Focused, perhaps, like a laser

An offhand comment by an Australian diplomat reminds the Monitor's language columnist that less is sometimes more in metaphors.

Charles Dharapak/AP
Secretary of State John Kerry speaks to reporters about efforts to disarm Syria of their chemical weapons at the start of his meeting with Dutch Foreign Minister Frans Timmermans, not pictured, at the State Department in Washington, Friday, Sept. 20, 2013.

The effort to bring Syrian chemical weapons under international control, which at this writing is running a diplomatic course that the world can only hope will succeed, began with what many have described as an "offhand remark" by US Secretary of State John Kerry.

Others suggest that if you're the nation's top diplomat, you make offhand remarks only when talking to yourself – in the shower.

Let's hope that another passing comment by a diplomat helps bring a particular cliché under international control. The diplomat in question is Richard Butler of Australia, and the cliché is "laser focused."

In a Huffington Post video interview shortly after President Obama's Sept. 10 speech, Mr. Butler noted how the Russian response to Mr.

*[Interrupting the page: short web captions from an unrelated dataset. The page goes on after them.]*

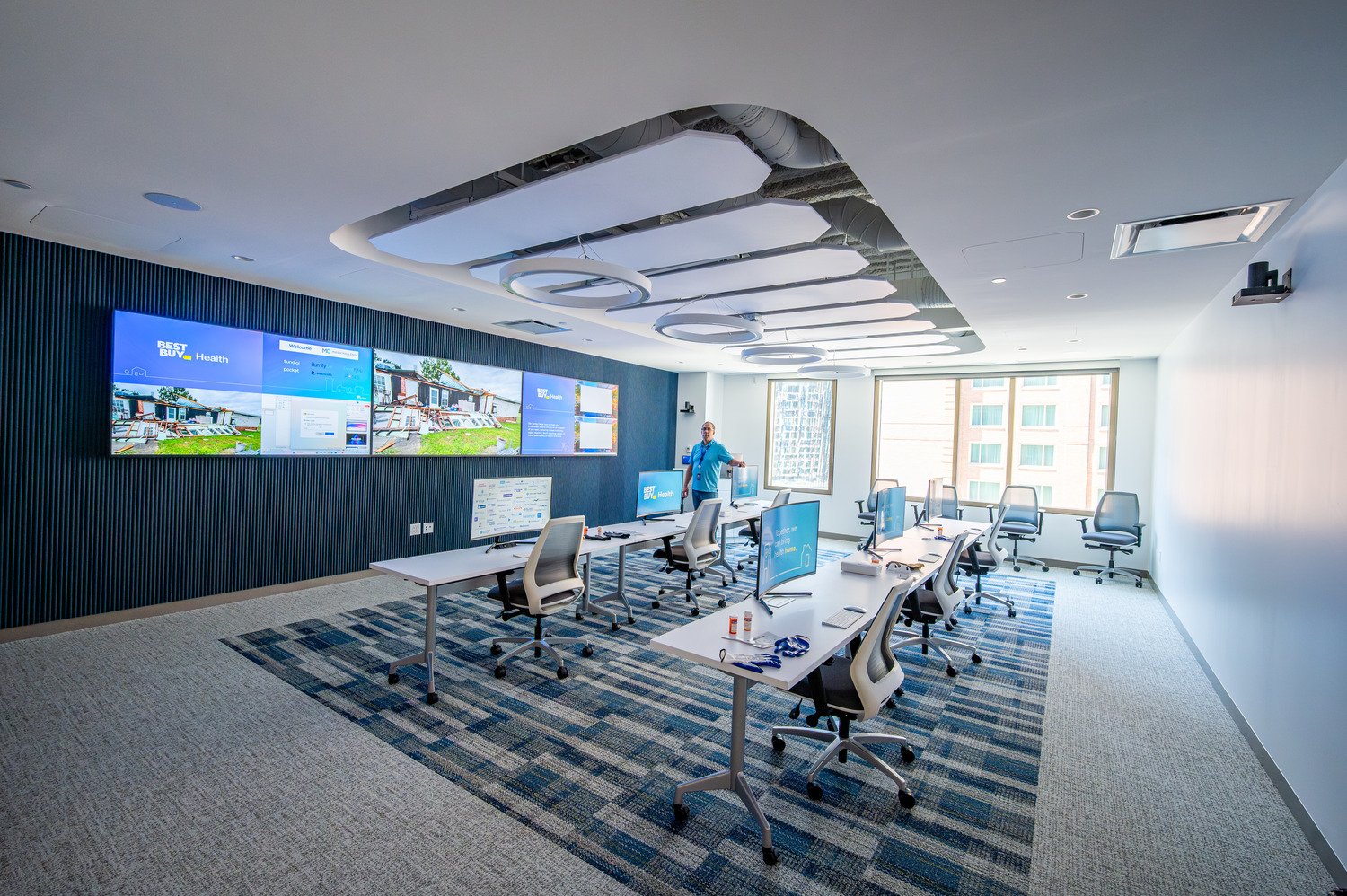 A control room with 6 chairs, 6 monitors and 3 large displays. 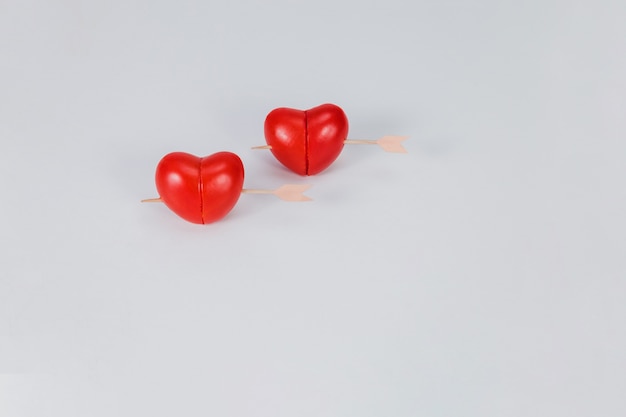 Free photo hearts punctured by a stick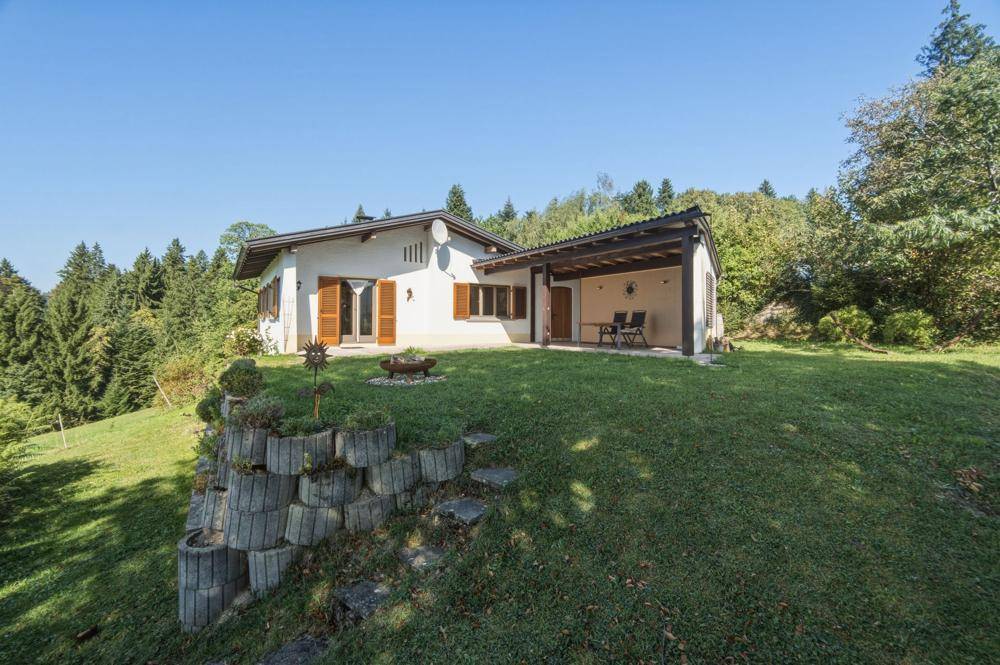 Freistehendes Haus mit großem Garten, überdachter Terrasse und terrassierten Beeten.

Kerry's "offhand comment" had transformed the Syrian crisis. "Now we're focused, perhaps like a laser, on the chemical weapons," he said.

Setting the "laser" off from the "focus" inserted a little ironic distance between him and his own words. He seemed to acknowledge the phrase as a cliché, but he and his interviewer had other ground to cover.

Butler is not alone in noticing that the laser reference has been getting a workout. Corporate executives say they are "laser focused" on whatever their current goal is.

Bloomberg studied transcripts of earnings calls and investor "events" so far this year and found the phrase "laser focused" appeared in more than 240. "[C]hief executive officers are increasingly beaming light on their targets," wrote Noah Buhayar of Bloomberg. They are on pace to beat last year's record of 287 such "beams."

Apple CEO Tim Cook, for instance, in a July press release, said: "We are laser-focused and working hard on some amazing new products." Sometimes, as at a tech firm, the laser image seems to fit the context.

Other times, not so much. Mr. Buhayar's piece also identified "laser focus" in the communications of children's book publisher Scholastic (twice!) and a maker of organic macaroni and cheese.

Buhayar also cited L.J. Rittenhouse, chief executive of Rittenhouse Rankings, a communications firm that tries to save clients from zapping themselves with their own laser beams, who estimates that "laser focus" has been around for about 10 years. Surely, though, it goes back longer than that.

A laser (first known use in 1957) is a device that emits light through a process of optical amplification based on the stimulated emission of electromagnetic radiation.

And focus? It meant hearth in Latin and, by extension, referred to home and family. In post-Classical times, focus was used in Latin for fire itself, the Online Etymology Dictionary notes. It was Johannes Kepler who first calculated that planets orbited the sun not in perfect Copernican circles but in ellipses. He adopted "focus" for the mathematical sense of "point of convergence" in 1604. (A circle has one center; an ellipse has two foci.)

This was "perhaps on analogy of the burning point of a lens," the dictionary says: "the purely optical sense of the word may have existed before Kepler." By 1796, focus also meant "center of activity or energy."

Maybe the problem with "laser focused" is not just that it has become a cliché, or that it piles on two "light" metaphors where one would do. Maybe it's that laser seems so technical, whereas focus is more deeply rooted in the human experience. After all these centuries, focus still makes sparks.